As the district court observed:
While the government's interest in avoiding undue administrative burdens is not implicated in this case because a meeting of the Board was actually conducted, the government does have an interest in promptly and effectively disciplining employees. The government's interest in curtailing insubordination and enforcing orders is fundamental to the maintenance of public order and safety. Had the Mayor disqualified himself from hearing this matter, a quorum would not have existed, and Harrison's admitted acts of insubordination would have gone unpunished.

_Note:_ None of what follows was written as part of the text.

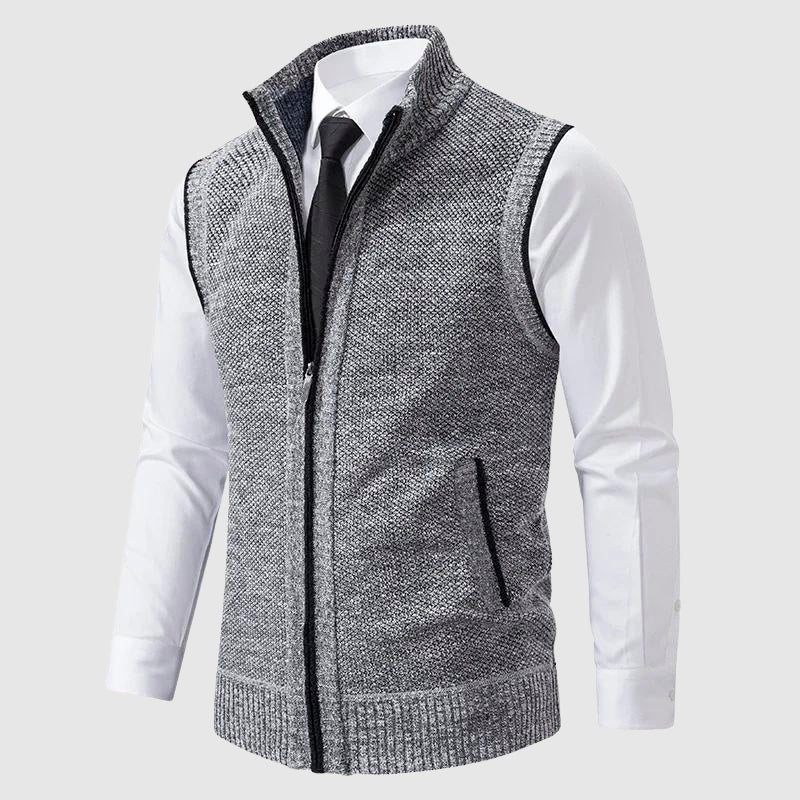 Zip-Up Sweater Vest with Side Pockets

This court is persuaded by the logic of the Fourth Circuit's decision in Garraghty. The relatively slight deprivation resulting from a short-term suspension, considered in light of the demands emanating from the paramilitary nature of civilian police forces, and the slight risk of an erroneous deprivation (because of Harrison's admission of his violations), prompt the conclusion that no due process violation has occurred. Any other decision would threaten the ability of police departments to function properly, efficiently and effectively, the larger effect of which would pose a serious danger to the public safety. While the hearing may have been somewhat less than perfect, it satisfied due process requirements.
Although plaintiff relies on Londoner v. Denver, 210 U.S. 373, 28 S.Ct. 708, 52 L.Ed. 1103 (1908), there the Board of Equalization adopted the assailed resolution without any hearing and adopted an ordinance without affording the affected landowners an opportunity to be heard. Here, of course, the Board of Public Works and Safety gave plaintiff notice of its hearing and permitted him to testify, so that Londoner offers no support. Similarly, Coniston Corporation v. Village of Hoffman Estates, 844 F.2d 461 (7th Cir.1988), does not assist this plaintiff because he received a hearing in an adjudicative setting as to his non-compliance with police department orders. There was no due process violation.
The judgment granting defendants' motion for summary judgment is affirmed.